[Brief descriptive captions]
--- START ---

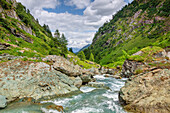 Wandern im wild-romantischen Umbaltal, Nationalpark Hohe Tauern, Osttirol, Österreich, Europa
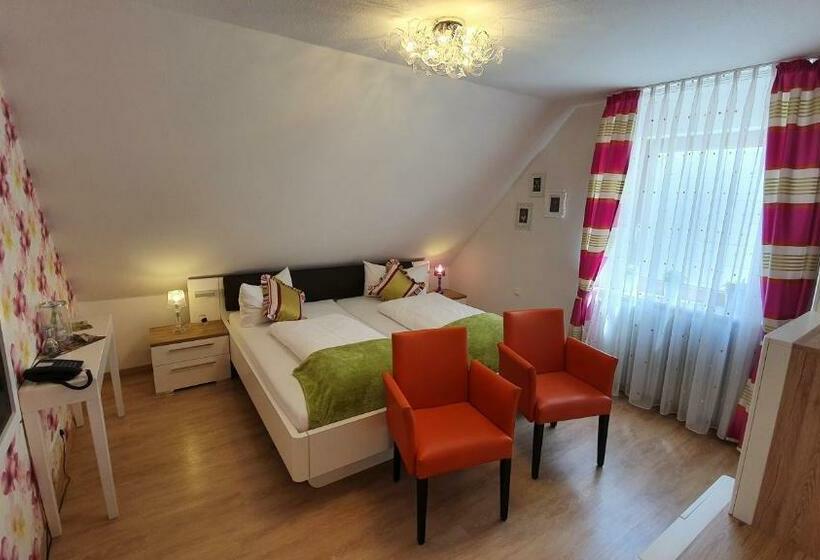 디럭스 룸, Restaurant Rebstock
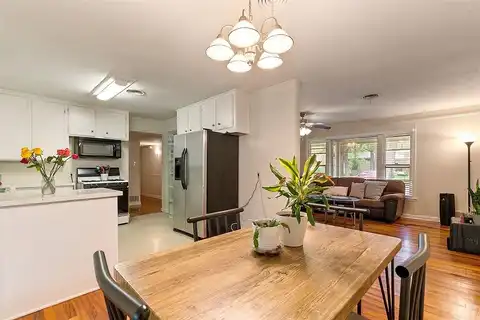Glenda, BEDFORD, TX 76022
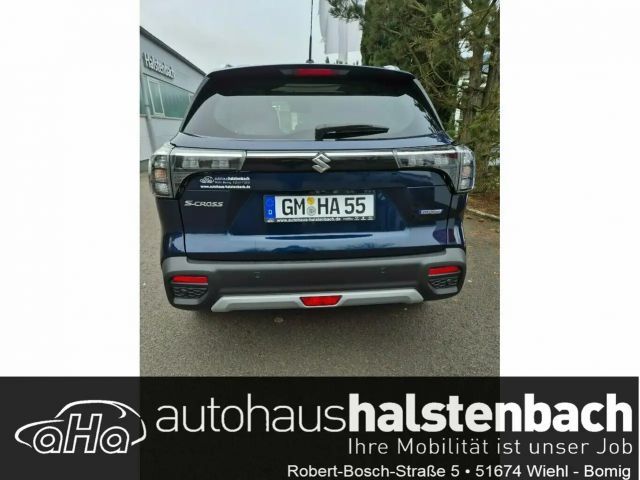 Suzuki S-Cross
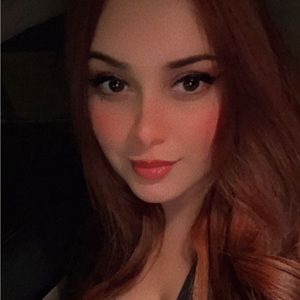 Meet your Posher, Adrianna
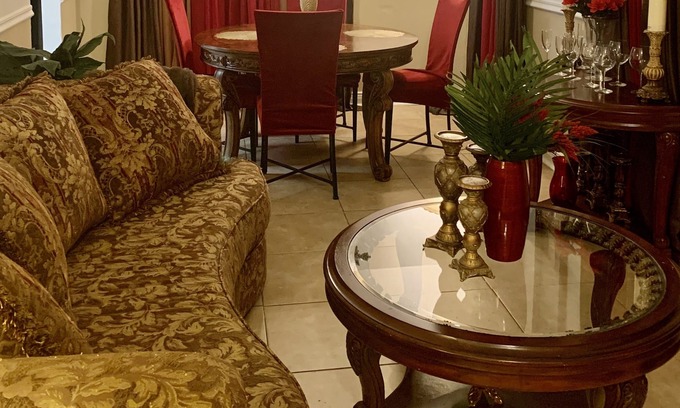 Little Woods House | Moore's Chateau 7 mi to Downtown NOLA !!!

--- END ---

Task directions: Exactly the lines from the one holding "디럭스 룸, Restaurant Rebstock" through the last line of the entries must be set down, with nothing added and no pictures.

Result of this task:
 디럭스 룸, Restaurant Rebstock
Glenda, BEDFORD, TX 76022
 Suzuki S-Cross
 Meet your Posher, Adrianna
 Little Woods House | Moore's Chateau 7 mi to Downtown NOLA !!!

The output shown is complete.